**Recorded data**
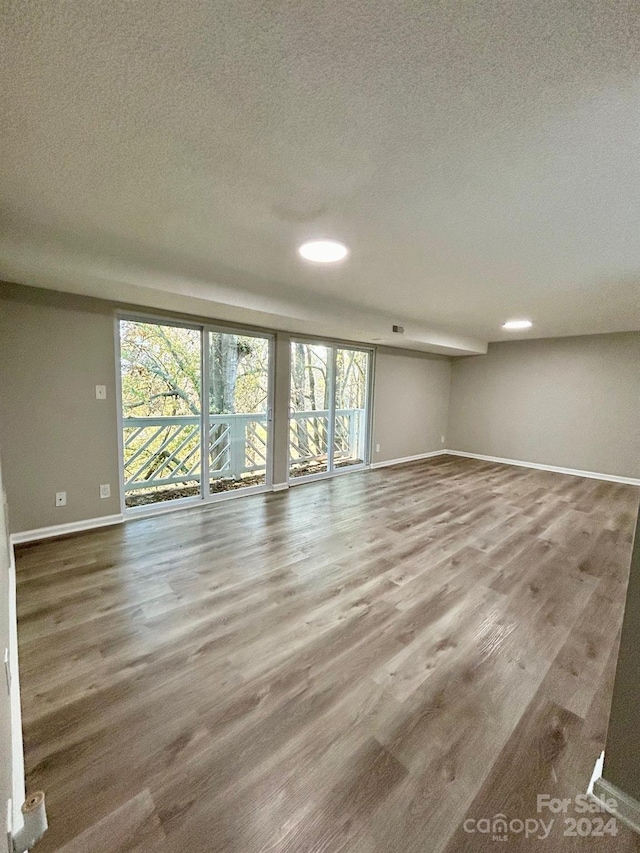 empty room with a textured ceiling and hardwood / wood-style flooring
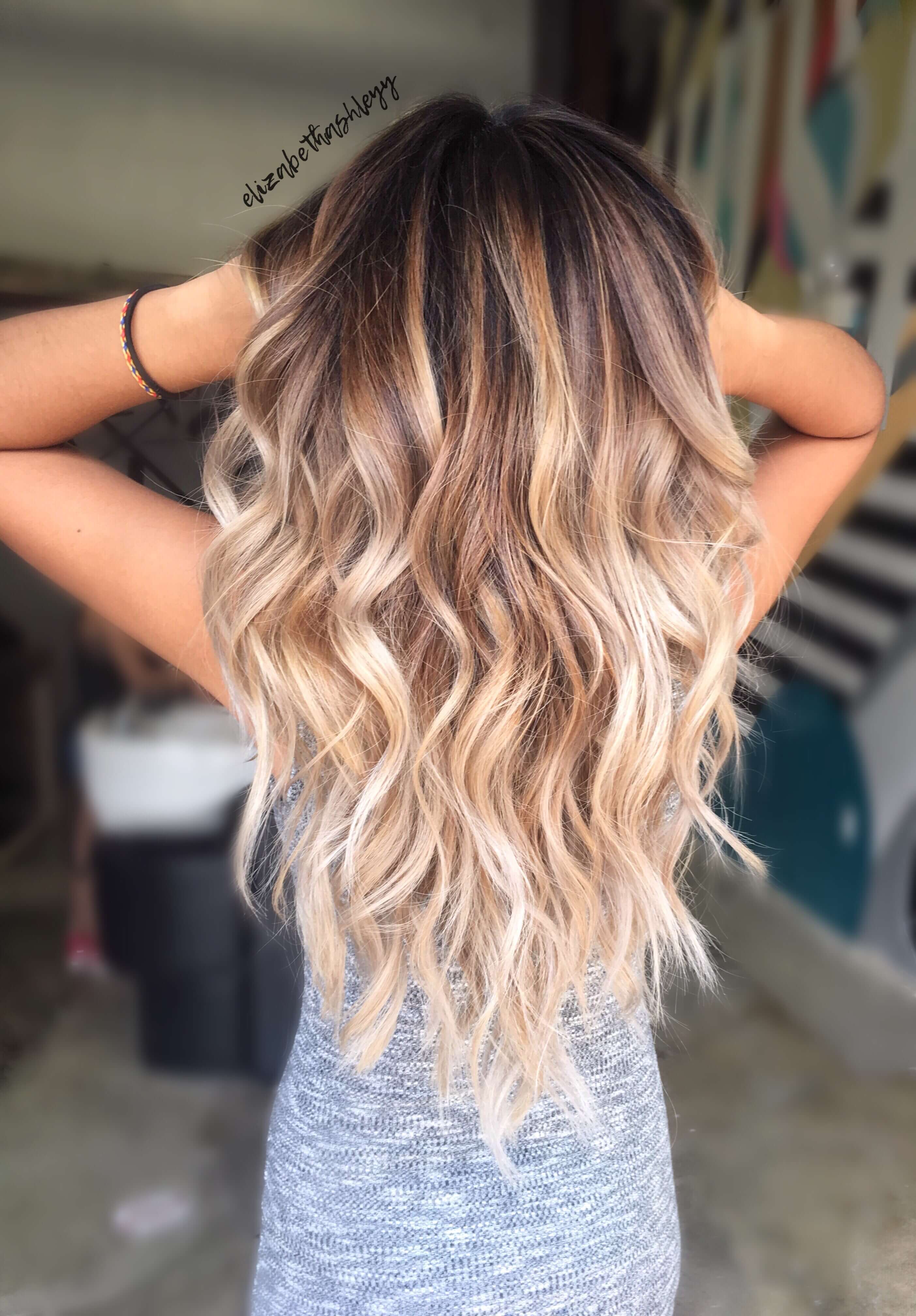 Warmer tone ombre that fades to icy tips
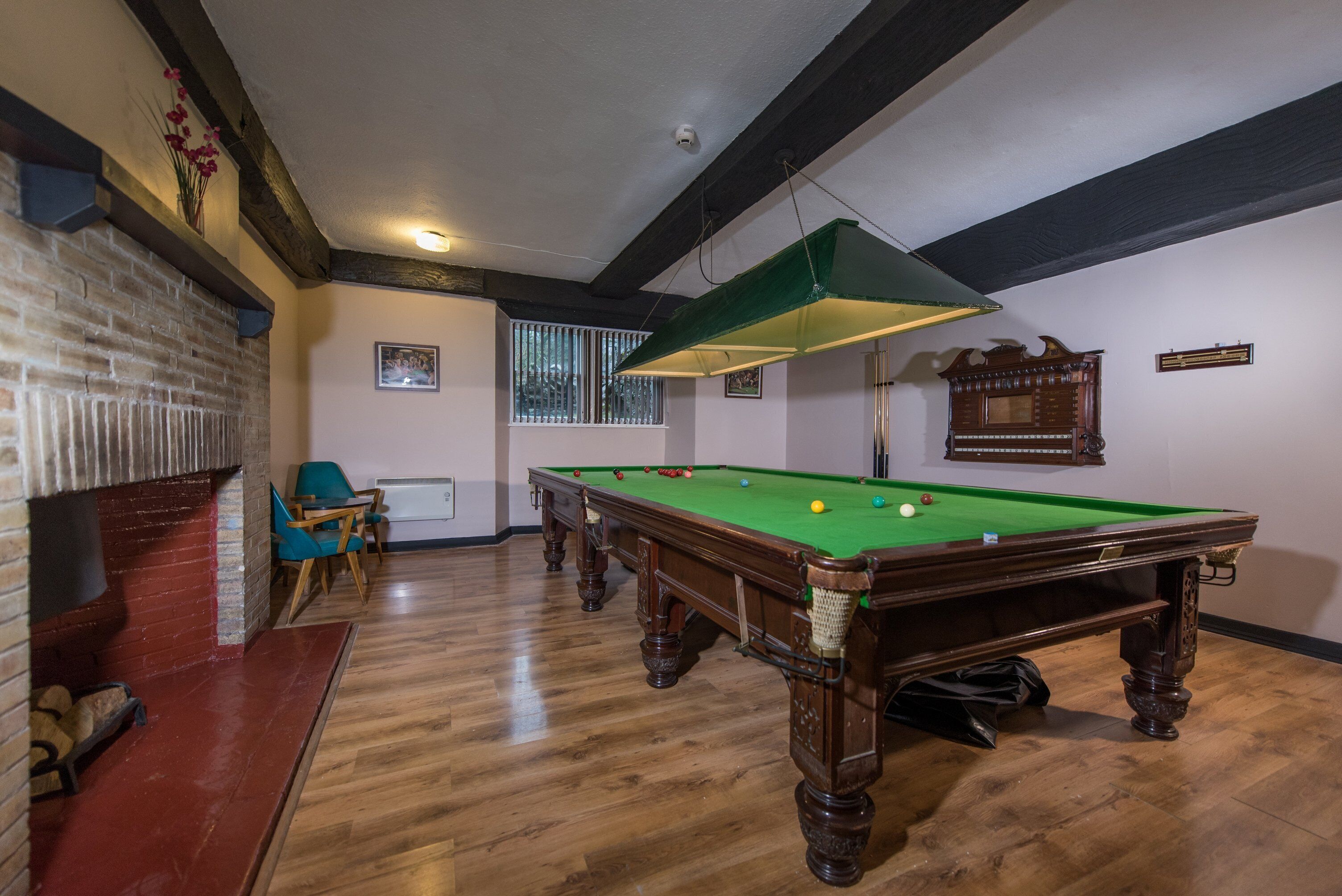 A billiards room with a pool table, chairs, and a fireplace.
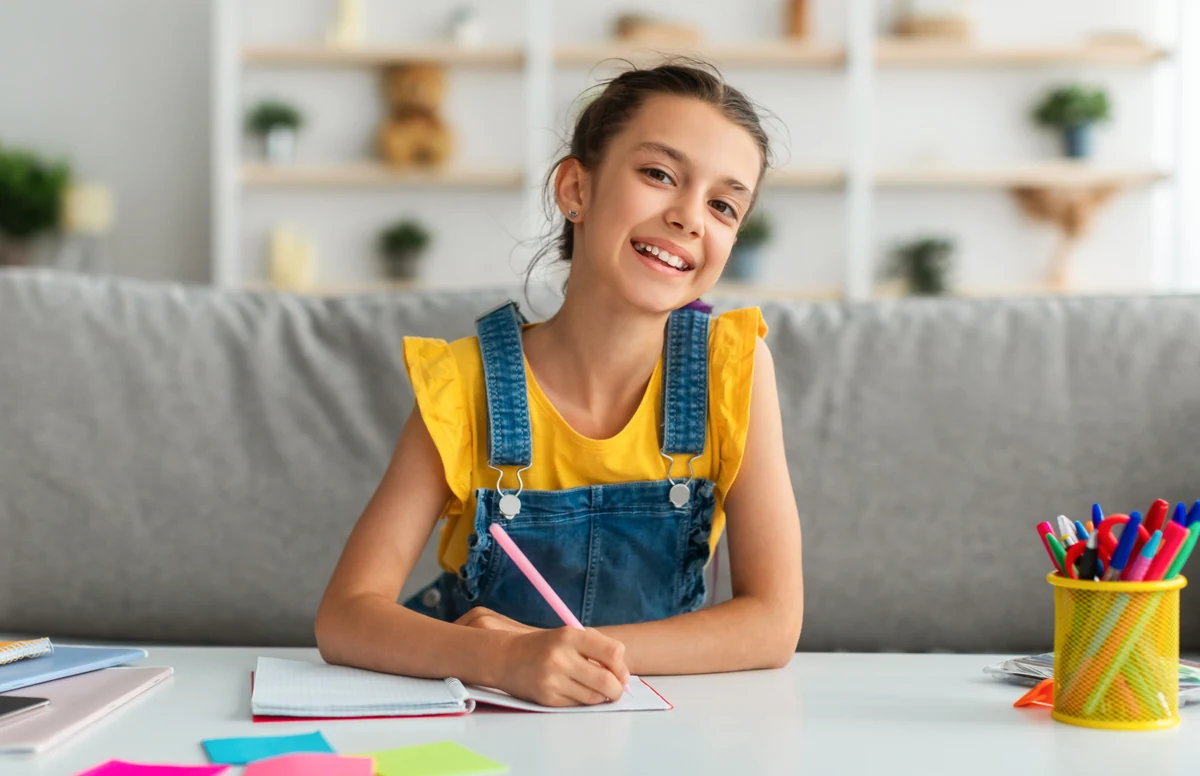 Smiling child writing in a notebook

**What is expected**
All lines from the one holding "Warmer tone ombre that fades to icy tips" to the end of the listing above need to be duplicated exactly. None of the pictures should be included.

**Answer for this exercise**
 Warmer tone ombre that fades to icy tips
 A billiards room with a pool table, chairs, and a fireplace.
 Smiling child writing in a notebook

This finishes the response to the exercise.